The show is predicted to be centered around 11:50 PM EST with the most meteors falling in a 15 minute window. The entire show will only last up to 40 minutes which is why the astronomers urge you to be outside by 11:15 P.M. EST.
Storm Team 8 Digital Meteorologist Amanda Holly urges you to be even earlier to allow your eyes time to adjust to the darkness to see every meteor possible. It typically takes 15-20 minutes for the human eye to adjust to darkness and see fainter lights or in this case, meteors.
The two astronomers who have been tracking this potential outburst for several years are Esko Lyytinen and Peter Jenniskens. Their research show this year may be most similar to the outburst of 1995 which saw 400 to 700 meteors. Previous outbursts have also occurred in 1985, 1935, and 1925.
This particular meteor shower occurs in a debris trail from a comet that is currently still unknown.
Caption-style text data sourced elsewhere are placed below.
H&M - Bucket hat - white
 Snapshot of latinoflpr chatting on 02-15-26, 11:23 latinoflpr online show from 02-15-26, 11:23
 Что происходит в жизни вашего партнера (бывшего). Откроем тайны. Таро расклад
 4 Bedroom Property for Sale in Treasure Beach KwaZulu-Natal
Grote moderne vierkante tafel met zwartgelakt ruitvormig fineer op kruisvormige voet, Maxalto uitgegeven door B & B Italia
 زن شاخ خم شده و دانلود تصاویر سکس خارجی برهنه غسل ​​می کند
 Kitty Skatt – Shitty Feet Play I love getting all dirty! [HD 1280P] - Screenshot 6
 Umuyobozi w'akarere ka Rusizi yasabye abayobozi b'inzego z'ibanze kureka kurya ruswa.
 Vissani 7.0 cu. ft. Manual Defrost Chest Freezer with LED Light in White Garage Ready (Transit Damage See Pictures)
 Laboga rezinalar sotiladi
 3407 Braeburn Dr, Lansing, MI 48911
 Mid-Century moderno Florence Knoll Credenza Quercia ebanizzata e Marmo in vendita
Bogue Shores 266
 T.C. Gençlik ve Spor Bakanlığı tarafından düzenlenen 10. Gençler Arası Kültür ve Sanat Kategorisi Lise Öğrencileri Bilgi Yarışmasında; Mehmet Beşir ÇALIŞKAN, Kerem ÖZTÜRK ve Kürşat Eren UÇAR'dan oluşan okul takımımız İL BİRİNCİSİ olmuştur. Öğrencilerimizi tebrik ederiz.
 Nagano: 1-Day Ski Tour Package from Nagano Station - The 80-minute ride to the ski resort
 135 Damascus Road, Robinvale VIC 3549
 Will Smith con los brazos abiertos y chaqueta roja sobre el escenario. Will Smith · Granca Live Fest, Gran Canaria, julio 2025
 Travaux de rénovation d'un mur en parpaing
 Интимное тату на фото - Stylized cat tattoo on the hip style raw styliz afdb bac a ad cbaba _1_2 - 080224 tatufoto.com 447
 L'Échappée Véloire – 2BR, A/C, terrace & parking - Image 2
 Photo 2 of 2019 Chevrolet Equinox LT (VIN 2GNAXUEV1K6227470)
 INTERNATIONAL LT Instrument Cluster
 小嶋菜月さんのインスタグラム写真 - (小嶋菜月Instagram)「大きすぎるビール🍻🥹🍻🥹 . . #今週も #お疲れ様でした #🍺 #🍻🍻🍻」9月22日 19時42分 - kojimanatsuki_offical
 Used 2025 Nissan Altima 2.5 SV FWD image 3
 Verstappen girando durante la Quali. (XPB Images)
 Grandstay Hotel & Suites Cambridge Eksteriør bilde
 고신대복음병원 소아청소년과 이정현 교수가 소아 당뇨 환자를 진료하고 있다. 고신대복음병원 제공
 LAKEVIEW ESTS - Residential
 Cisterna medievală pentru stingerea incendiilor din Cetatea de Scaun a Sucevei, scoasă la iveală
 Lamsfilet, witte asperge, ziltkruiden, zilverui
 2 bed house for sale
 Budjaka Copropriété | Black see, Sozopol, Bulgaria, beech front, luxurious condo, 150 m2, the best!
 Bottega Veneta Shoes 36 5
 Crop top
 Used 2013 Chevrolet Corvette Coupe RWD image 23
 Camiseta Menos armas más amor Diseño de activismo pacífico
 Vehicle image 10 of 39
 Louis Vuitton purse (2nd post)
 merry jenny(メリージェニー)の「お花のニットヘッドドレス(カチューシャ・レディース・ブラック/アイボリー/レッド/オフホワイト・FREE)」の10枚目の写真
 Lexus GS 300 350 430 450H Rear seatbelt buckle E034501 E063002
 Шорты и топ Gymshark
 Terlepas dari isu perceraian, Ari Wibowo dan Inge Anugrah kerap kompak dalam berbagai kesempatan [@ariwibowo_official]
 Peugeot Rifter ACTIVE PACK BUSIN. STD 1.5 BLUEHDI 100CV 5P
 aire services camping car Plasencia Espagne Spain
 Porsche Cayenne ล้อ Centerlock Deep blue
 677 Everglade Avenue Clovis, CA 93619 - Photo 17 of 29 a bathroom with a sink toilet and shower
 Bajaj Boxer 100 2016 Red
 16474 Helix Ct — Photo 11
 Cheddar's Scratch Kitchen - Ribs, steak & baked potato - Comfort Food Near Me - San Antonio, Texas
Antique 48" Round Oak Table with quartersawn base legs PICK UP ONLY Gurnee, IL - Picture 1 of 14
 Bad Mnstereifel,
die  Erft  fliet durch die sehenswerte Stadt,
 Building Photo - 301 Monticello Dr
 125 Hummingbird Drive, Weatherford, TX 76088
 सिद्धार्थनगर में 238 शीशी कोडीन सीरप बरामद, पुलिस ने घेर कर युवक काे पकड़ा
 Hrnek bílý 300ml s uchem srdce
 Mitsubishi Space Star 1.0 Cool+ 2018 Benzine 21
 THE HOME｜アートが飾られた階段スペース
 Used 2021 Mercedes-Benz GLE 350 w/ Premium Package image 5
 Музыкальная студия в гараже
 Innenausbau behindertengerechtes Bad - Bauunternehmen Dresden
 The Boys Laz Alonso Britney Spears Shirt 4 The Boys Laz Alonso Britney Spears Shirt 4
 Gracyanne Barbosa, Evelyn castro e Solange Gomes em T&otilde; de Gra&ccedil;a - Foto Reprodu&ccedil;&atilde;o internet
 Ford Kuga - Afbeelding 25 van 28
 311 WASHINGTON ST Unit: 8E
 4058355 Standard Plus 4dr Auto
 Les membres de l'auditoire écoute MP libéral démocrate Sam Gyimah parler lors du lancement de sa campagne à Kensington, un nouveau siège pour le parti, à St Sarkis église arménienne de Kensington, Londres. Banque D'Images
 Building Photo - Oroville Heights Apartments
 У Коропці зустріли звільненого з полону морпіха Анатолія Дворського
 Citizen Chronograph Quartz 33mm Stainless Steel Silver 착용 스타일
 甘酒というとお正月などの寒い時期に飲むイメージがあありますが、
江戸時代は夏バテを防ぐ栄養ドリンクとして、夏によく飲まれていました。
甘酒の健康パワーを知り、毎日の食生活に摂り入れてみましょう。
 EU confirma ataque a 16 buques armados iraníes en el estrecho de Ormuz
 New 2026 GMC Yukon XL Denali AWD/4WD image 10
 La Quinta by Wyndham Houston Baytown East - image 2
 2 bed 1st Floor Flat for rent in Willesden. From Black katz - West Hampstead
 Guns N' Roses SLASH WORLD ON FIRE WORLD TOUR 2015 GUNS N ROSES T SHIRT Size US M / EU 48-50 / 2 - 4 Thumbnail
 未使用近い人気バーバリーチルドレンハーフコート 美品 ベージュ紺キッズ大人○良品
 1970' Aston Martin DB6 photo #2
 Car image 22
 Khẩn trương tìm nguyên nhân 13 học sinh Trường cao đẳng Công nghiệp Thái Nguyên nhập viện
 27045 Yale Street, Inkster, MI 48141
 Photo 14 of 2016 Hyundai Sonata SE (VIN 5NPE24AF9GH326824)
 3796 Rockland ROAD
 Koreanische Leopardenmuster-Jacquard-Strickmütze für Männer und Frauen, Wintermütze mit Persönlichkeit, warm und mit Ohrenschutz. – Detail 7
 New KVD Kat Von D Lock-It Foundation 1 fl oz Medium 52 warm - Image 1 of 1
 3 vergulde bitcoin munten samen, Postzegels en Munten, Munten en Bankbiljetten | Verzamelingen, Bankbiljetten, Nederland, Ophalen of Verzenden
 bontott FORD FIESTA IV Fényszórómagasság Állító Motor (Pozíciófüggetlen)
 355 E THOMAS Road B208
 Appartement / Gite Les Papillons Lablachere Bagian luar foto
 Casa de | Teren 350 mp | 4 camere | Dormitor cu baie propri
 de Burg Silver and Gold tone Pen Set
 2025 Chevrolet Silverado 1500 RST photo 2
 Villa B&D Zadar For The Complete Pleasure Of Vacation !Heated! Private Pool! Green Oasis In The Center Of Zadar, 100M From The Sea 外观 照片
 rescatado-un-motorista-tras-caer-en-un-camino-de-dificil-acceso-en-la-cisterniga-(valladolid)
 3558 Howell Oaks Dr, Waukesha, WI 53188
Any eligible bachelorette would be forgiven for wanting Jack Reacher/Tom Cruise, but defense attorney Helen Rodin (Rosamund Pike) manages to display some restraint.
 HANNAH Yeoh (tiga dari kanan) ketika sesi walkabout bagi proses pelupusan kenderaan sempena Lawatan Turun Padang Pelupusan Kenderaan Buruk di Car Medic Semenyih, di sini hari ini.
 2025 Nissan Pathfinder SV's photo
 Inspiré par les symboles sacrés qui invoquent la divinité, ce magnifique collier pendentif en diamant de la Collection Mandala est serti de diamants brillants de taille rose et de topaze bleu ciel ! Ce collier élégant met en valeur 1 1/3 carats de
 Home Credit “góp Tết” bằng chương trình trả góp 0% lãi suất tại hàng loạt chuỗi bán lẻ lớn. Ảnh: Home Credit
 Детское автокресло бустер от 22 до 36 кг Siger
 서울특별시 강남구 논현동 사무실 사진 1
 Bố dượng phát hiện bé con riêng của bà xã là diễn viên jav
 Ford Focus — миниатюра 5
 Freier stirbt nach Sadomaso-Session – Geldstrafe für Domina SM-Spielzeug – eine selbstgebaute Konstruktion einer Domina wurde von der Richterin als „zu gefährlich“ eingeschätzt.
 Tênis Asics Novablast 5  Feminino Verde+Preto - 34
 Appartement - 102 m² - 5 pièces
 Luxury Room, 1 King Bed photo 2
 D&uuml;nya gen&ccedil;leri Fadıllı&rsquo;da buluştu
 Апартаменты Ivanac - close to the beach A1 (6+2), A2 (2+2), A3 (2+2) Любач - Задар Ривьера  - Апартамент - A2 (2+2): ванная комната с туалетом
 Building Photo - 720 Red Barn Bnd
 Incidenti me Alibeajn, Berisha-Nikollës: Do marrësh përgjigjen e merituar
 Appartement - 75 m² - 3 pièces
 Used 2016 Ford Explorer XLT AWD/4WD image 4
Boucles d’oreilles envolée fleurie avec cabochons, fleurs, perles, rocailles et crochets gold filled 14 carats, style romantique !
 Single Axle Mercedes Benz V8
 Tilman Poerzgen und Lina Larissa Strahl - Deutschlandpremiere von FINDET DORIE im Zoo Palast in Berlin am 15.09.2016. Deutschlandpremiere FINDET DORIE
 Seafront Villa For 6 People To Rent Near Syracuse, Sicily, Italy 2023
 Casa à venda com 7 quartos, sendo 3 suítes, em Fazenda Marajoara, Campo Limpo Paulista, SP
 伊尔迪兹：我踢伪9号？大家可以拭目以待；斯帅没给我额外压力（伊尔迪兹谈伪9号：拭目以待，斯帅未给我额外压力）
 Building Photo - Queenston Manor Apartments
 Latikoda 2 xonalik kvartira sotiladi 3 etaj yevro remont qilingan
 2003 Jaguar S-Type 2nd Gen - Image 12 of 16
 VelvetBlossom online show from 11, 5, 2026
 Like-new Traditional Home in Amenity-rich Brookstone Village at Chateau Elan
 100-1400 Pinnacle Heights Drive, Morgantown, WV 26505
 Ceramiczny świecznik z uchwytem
The comet is suspected to have a long period orbit, meaning it doesn’t come around very often. According to the astronomers, the orbit is potentially around 600 years.
The reason the alpha Monoceratids do not typically put on this big of a show is due to the narrow debris trail left behind by the comet. Earth’s orbit doesn’t take us through this debris trail often but when it does, the show has proven spectacular if you’re in the right place at the right time.
This year, the eastern half of the United States has a good view.
This shower is being refereed to by some as a ‘Unicorn Meteor Shower’ as the meteors originate from the constellation Monoceros, which is Greek for Unicorn.
If you don’t know where that is in the sky, look towards the constellation Orion which is more commonly known, or just in the eastern horizon.
Grab a blanket, as temperatures will fall into the low 60s. Skies should be clearer compared to this past weekend’s Leonid meteor shower.
Keep in mind this is a forecast and not guaranteed but the two astronomers seem confident and say this year it is “likely.” Don’t forget! 11:15 P.M.